The proportion of individuals with the “low normal” allele (≤26 CGG repeats) was similar in the DD #2 cohort and both adult carrier and newborn-screening cohorts, consistent with no association between these alleles and neurodevelopmental disorders. Specifically, ~1/3 females and 1/5 males in each cohort had at least one “low normal” allele (~1/ 18–33 females had two copies of these “low normal” alleles). Given the large sample size and replication of proportions across clinical and nonclinical cohorts, the proportions reported in this study are likely to be robust and thus may be useful as a benchmark for future comparisons in investigations of the “low normal” CGG size.
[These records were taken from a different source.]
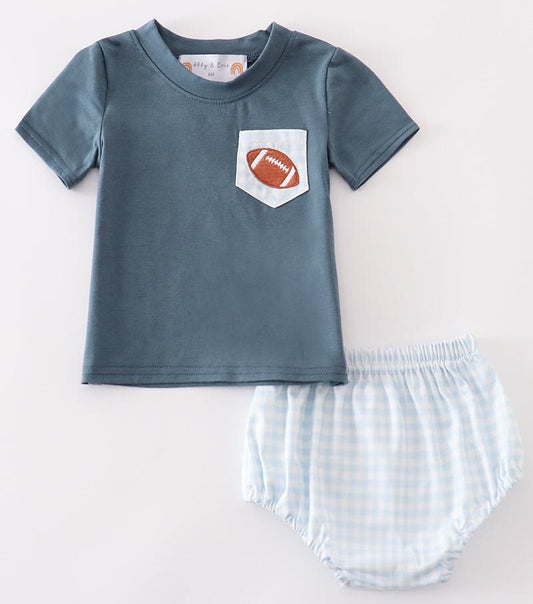 Football Embroidered Navy Baby Set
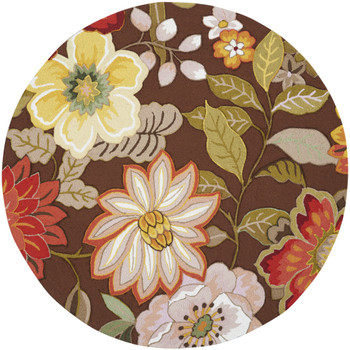 8' Brown Round Floral Hand Hooked Handmade Area Rug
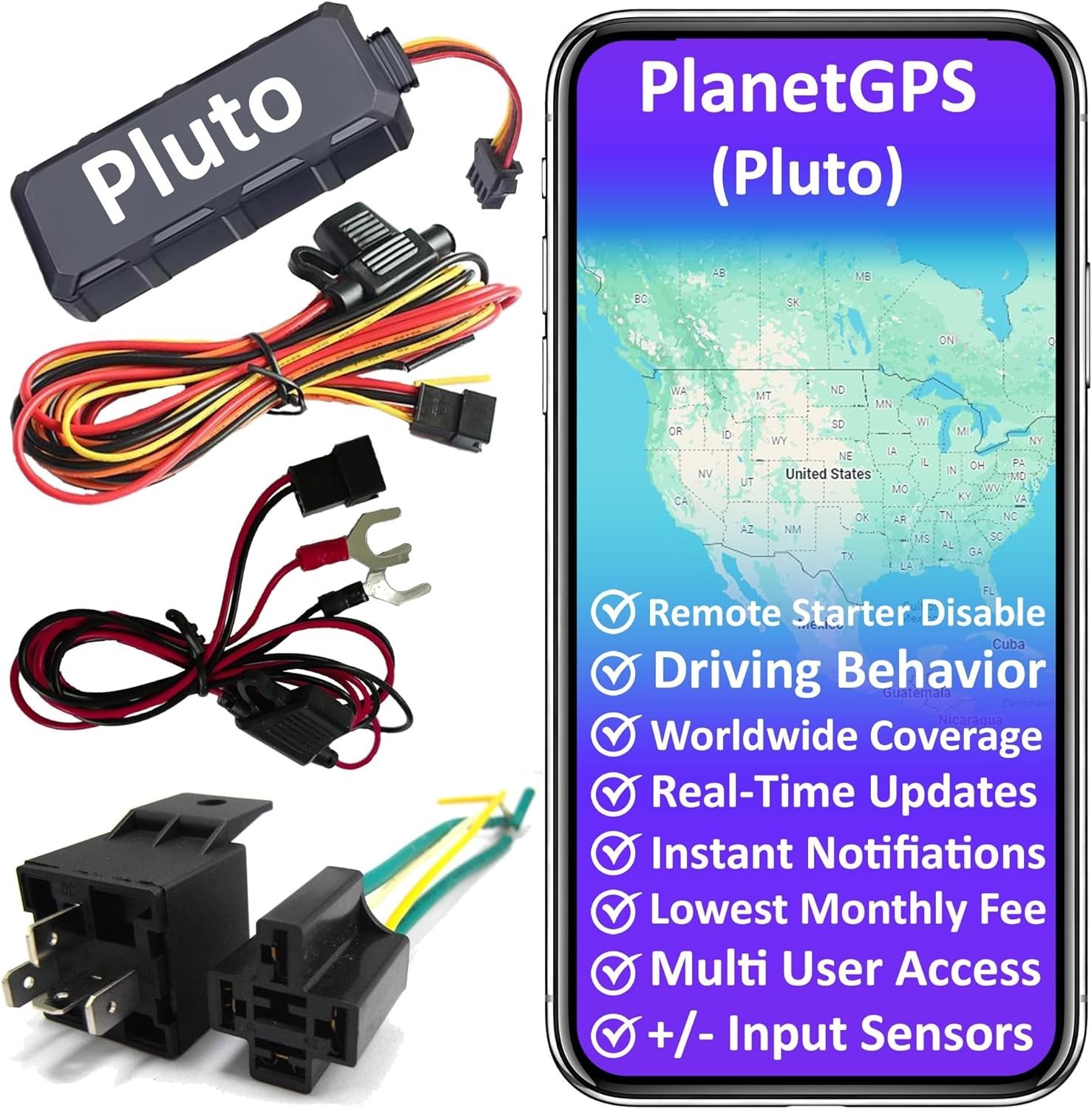 Wired GPS Tracker for Vehicles with Kill Switch + PTO Monitoring - Real-Time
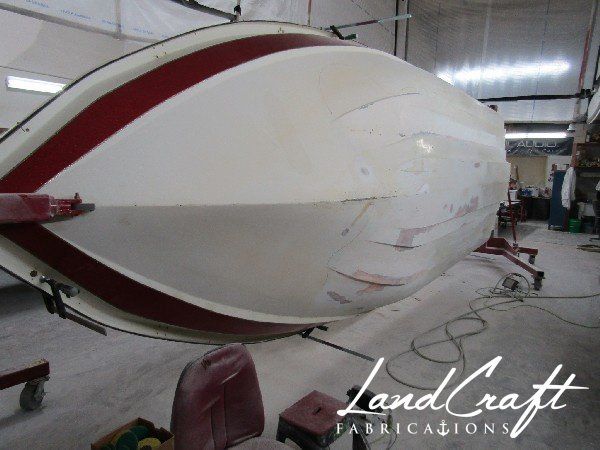 Spirit boat bottom hull structural interior reconstruction in process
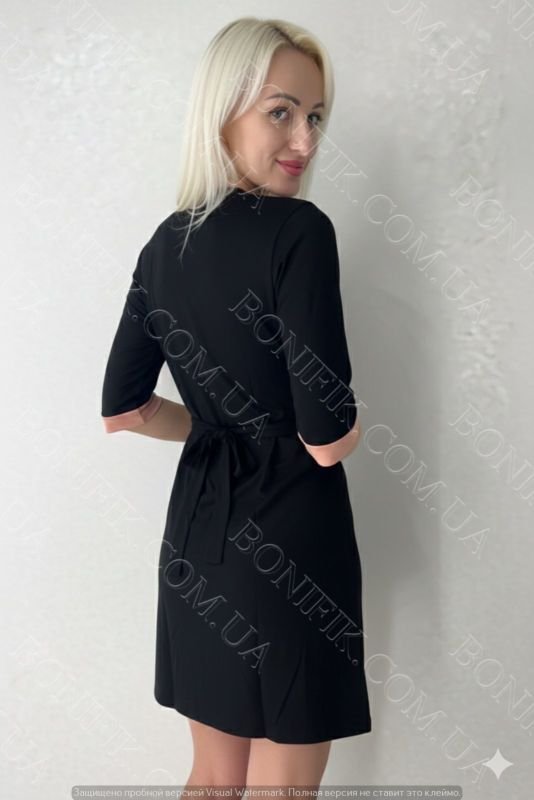 Жіночий халат з поясом із колекції "Black Rose" (60049)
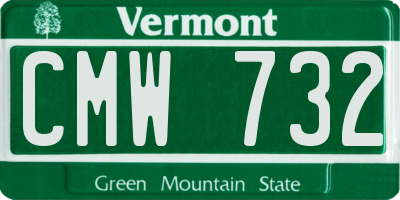 VT license plate CMW732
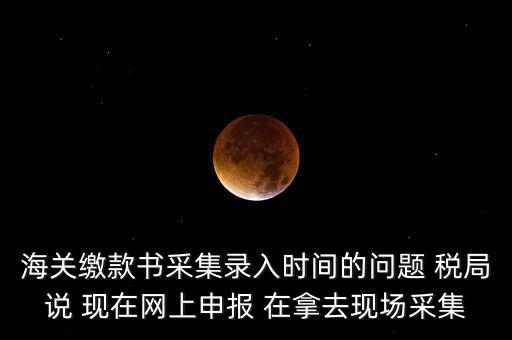 海關(guān)繳款書采集錄入時間的問題 稅局說 現(xiàn)在網(wǎng)上申報(bào) 在拿去現(xiàn)場采集
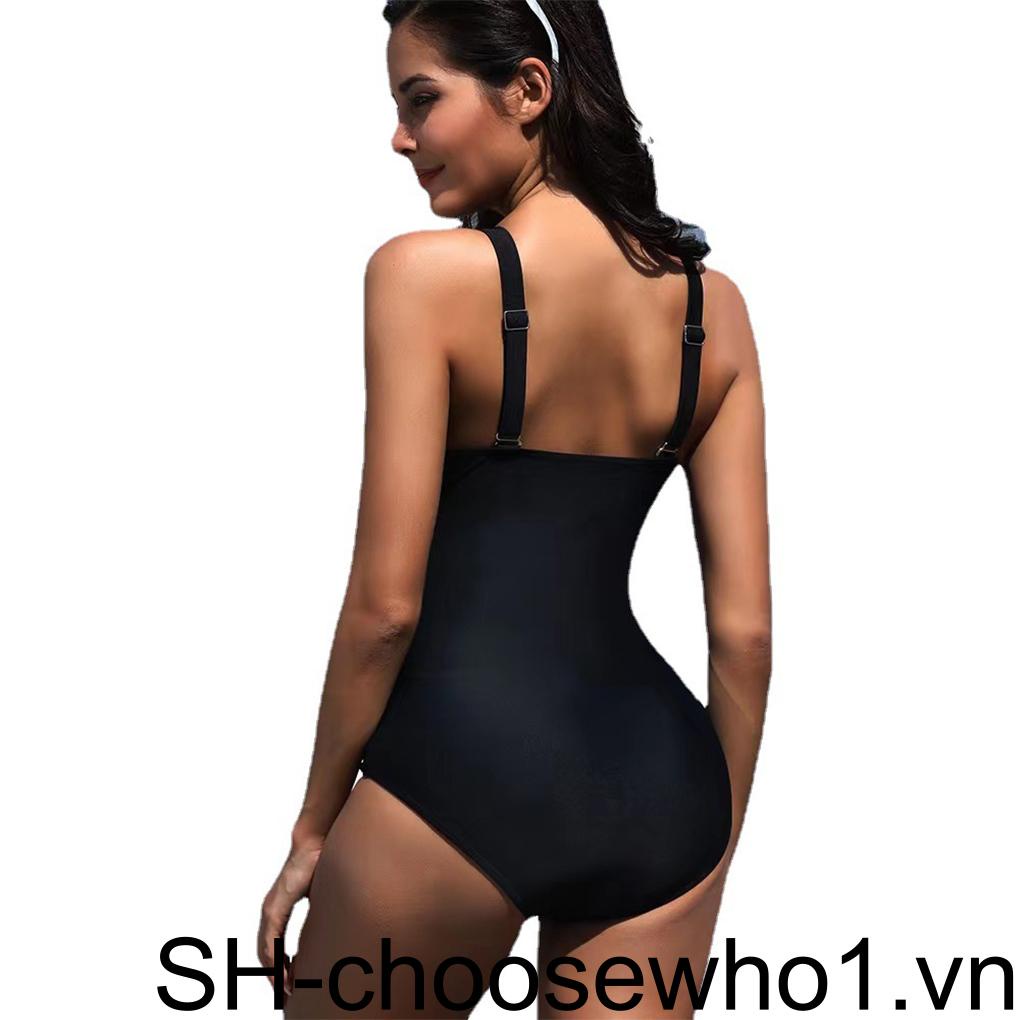 1 Bộ Đồ Bơi Hở Lưng Cổ Chữ V Họa Tiết Kẻ Sọc Có Dây Điều Chỉnh Được Thời Trang Mùa Hè Cho Nữ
The findings should be interpreted in light of the following limitations. This study cannot comment on the severity of the phenotype in PM and GZ children identified in the DD cohorts, nor can it comment on the involvement of PM and GZ alleles in subtle phenotypes that are unlikely to prompt clinician requests for DD diagnostic testing, such as executive dysfunction, which can impact planning and organizational skills. Indeed, there is emerging evidence that adults with PM alleles are at greater risk of developing subtle visuospatial problems that resemble dorsal stream-processing vulnerability,6 plus strong evidence that adult PM females can have elevated, but often sub-threshold, symptoms of social anxiety disorder and major depressive disorder5 that may or may not be linked to FXPOI and/or FXTAS.

There is also a possibility of bias in the adult carrier-screening cohort due to (i) higher socioeconomic status, as the carrier-screening test is predominantly offered by private obstetricians on a test-pay basis, and (ii) PM females who do not have social anxiety or menopausal/infertility problems being more likely to use the adult carrier-screening service.27 Other study limitations include not having the resolution on the nondenaturing capillary electrophoresis to determine whether minor peaks at 20 and 23 were present in the newborn-screening cohort and the possibility that accurate clinical and family-history information was not always provided on the clinician test request form.

In conclusion, there was no statistically significant increase in the frequency of males and females with expanded alleles in the DD clinician referral cohorts compared with newborn and population carrier-screening cohorts. This questions the impact of PM and GZ expansions on FXS-like phenotypes in children, such as DD and ASD. This study also queries the clinical relevance of the recently described “low normal” allele in neurodevelopmental disorders. This is likely to be of interest to families that may have or plan to have children with a PM and GZ allele, such as those identified in population carrier screening or through cascade testing. The present findings also favor not testing for PM and GZ alleles in newborns, owing to lack of sufficient evidence of clinically significant neurodevelopmental impact on these children in the pediatric clinical setting and the potential to identify adult-onset conditions of incomplete penetrance associated with PM alleles.